Drei Fronten
Von Ignacio Ramonet
DIE Bürger sollen es wissen: Der Globalismus greift die Gesellschaften nunmehr an drei Fronten an. An der erste Front betrifft es die gesamte Menschheit: an der Front der Wirtschaft. Sie wird beherrscht von jener Dreifaltigkeit, die als wirkliche "Achse des Bösen" zu bezeichnen wäre: dem Internationalen Währungsfonds (IWF), der Weltbank und der Welthandelsorganisation (WTO). Sie zwingen die Welt unter die Diktatur des Markts, unter die Vorherrschaft der Privatwirtschaft und den Kult des Profits und richten auf dem gesamten Planeten unermesslichen Schaden an. Betrügerischer Bankrott beim Energiekonzern Enron, Währungskrise in der Türkei, finanzieller Zusammenbruch in Argentinien: ökologische Schäden, wohin man auch schaut.
Und die nächste Internationale Konferenz über Entwicklungsfinanzierung, die vom 18. bis 22. März im mexikanischen Monterrey stattfindet, wird das allgemeine Desaster wohl noch verschlimmern, da die Privatwirtschaft offiziell zum Motor der Entwicklung des Südens werden soll.1 Es ist ein Skandal, dass die Staats- und Regierungschefs - insbesondere die der Europäischen Union - sich weigern, entwicklungspolitische Maßnahmen zu ergreifen, die zwei Drittel der Menschheit aus ihrem Elend retten könnten.
Vorstellbar ist folgendes Zehnpunkteprogramm: Die Schulden der armen Länder sind zu streichen.

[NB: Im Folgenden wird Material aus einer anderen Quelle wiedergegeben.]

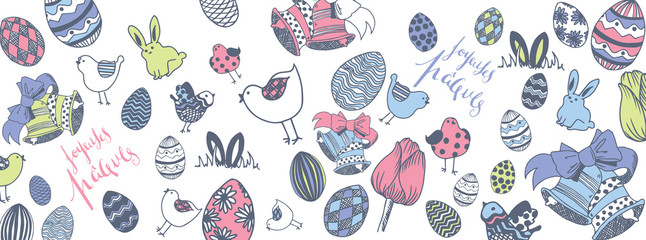 Canvas Print - French happy easter doodles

Für die Gesamtheit der südlichen Länder muss eine umfassende, gerechte und ausgewogene Schuldenregelung gefunden werden. Garantien müssen her, die sicherstellen, dass künftige Finanzierungskredite mit tragbaren Konditionen abgeschlossen und für eine dauerhafte Entwicklung verwendet werden. Die reichen Länder müssen sich verpflichten, mindestens 0,7 Prozent ihres Reichtums für Entwicklungsfinanzierung bereitzustellen. Die "Terms of Trade" zwischen Nord und Süd müssen ausgeglichen werden. Irrationale Kapitalbewegungen sind zu kontrollieren. Das Bankgeheimnis ist aufzuheben. Steueroasen sind für gesetzwidrig zu erklären. Und internationale Finanztransaktionen müssen endlich besteuert werden.

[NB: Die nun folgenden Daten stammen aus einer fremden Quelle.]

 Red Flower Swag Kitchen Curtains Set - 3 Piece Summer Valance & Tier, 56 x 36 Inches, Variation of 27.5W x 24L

Die zweite Front - an der heimlich, still und leise agiert wird - ist die Ideologie. Mit der aktiven Unterstützung von Universitäten, namhaften Forschungsinstituten (Heritage Foundation, American Enterprise Institute, Cato Institute) und führenden Medien (CNN, The Financial Times, The Wall Street Journal und The Economist, denen zahllose Journalisten nach dem Mund reden) hat sich eine regelrechte Überredungsindustrie herausgebildet, die den Bewohnern dieses Planeten weismachen soll, bei der Globalisierung habe man nichts als das Glück der Menschheit im Sinn. Gestützt auf die Macht der Information und mit der passiven Komplizenschaft der Beherrschten haben die Ideologen etwas errichtet, was man als komfortablen Despotismus bezeichnen könnte.2
Diese manipulativen Unternehmungen erhielten nach dem 11. September 2001 Schützenhilfe aus dem Pentagon. Es richtete ein "Büro für strategische Einflussnahme" ("Office for Strategic Influence") ein, dessen vornehme Aufgabe darin bestehen sollte, Desinformationen zu verbreiten, um "Öffentlichkeit und politisch Verantwortliche sowohl befreundeter als auch feindlicher Länder zu beeinflussen"3. Orwell lässt grüßen. Wie in den finstersten Zeiten des McCarthyismus und des Kalten Kriegs hätte das Pentagon damit über eine Art Propagandaministerium verfügt, um zu verbreiten, was man mit dem abscheulichen Begriff der "offiziellen Wahrheit" bezeichnet. Das Projekt scheiterte jedoch bald daran, dass es der Öffentlichkeit bekannt und damit obsolet wurde.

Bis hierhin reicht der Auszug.